Find the line with "Rocket flying into" in the entries below, then reproduce it and every line after it down to and including the line with "2x Pack Sealed", exactly.

EXTRACTED INFORMATION:
┄┄┄┄┄┄┄┄┄┄
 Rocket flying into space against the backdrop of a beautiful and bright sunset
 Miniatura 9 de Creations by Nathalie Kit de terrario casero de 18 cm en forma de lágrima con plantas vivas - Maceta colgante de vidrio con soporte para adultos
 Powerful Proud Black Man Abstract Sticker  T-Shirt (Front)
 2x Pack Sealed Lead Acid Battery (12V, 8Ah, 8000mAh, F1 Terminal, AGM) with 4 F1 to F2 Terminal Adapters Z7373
┄┄┄┄┄┄┄┄┄┄
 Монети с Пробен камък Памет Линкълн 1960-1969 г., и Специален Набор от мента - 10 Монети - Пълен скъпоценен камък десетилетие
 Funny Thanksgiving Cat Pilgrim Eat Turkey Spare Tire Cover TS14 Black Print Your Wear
┄┄┄┄┄┄┄┄┄┄
EXPECTED ANSWER:
 Rocket flying into space against the backdrop of a beautiful and bright sunset
 Miniatura 9 de Creations by Nathalie Kit de terrario casero de 18 cm en forma de lágrima con plantas vivas - Maceta colgante de vidrio con soporte para adultos
 Powerful Proud Black Man Abstract Sticker  T-Shirt (Front)
 2x Pack Sealed Lead Acid Battery (12V, 8Ah, 8000mAh, F1 Terminal, AGM) with 4 F1 to F2 Terminal Adapters Z7373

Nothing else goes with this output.